:: What you are asked to do ::
Word by word and line by line, write out all of the records.
──────
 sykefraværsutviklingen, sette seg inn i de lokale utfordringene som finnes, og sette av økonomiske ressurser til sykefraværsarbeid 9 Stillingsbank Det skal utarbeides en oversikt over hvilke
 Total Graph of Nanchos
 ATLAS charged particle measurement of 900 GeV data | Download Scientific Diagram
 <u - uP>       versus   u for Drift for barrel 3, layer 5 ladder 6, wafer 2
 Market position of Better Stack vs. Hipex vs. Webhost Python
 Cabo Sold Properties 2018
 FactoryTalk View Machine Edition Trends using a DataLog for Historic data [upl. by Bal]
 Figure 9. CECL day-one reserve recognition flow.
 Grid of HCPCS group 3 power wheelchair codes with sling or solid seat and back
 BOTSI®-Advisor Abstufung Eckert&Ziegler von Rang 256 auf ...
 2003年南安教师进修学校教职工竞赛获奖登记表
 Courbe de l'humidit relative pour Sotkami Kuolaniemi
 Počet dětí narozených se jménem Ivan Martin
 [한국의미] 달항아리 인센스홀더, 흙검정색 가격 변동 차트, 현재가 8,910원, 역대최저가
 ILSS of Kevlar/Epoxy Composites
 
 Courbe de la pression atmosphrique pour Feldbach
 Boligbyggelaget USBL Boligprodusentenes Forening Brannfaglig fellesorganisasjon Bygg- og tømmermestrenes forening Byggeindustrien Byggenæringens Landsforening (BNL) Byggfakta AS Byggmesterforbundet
──────
:: Response to this exercise ::
 sykefraværsutviklingen, sette seg inn i de lokale utfordringene som finnes, og sette av økonomiske ressurser til sykefraværsarbeid 9 Stillingsbank Det skal utarbeides en oversikt over hvilke
 Total Graph of Nanchos
 ATLAS charged particle measurement of 900 GeV data | Download Scientific Diagram
 <u - uP>       versus   u for Drift for barrel 3, layer 5 ladder 6, wafer 2
 Market position of Better Stack vs. Hipex vs. Webhost Python
 Cabo Sold Properties 2018
 FactoryTalk View Machine Edition Trends using a DataLog for Historic data [upl. by Bal]
 Figure 9. CECL day-one reserve recognition flow.
 Grid of HCPCS group 3 power wheelchair codes with sling or solid seat and back
 BOTSI®-Advisor Abstufung Eckert&Ziegler von Rang 256 auf ...
 2003年南安教师进修学校教职工竞赛获奖登记表
 Courbe de l'humidit relative pour Sotkami Kuolaniemi
 Počet dětí narozených se jménem Ivan Martin
 [한국의미] 달항아리 인센스홀더, 흙검정색 가격 변동 차트, 현재가 8,910원, 역대최저가
 ILSS of Kevlar/Epoxy Composites
 
 Courbe de la pression atmosphrique pour Feldbach
 Boligbyggelaget USBL Boligprodusentenes Forening Brannfaglig fellesorganisasjon Bygg- og tømmermestrenes forening Byggeindustrien Byggenæringens Landsforening (BNL) Byggfakta AS Byggmesterforbundet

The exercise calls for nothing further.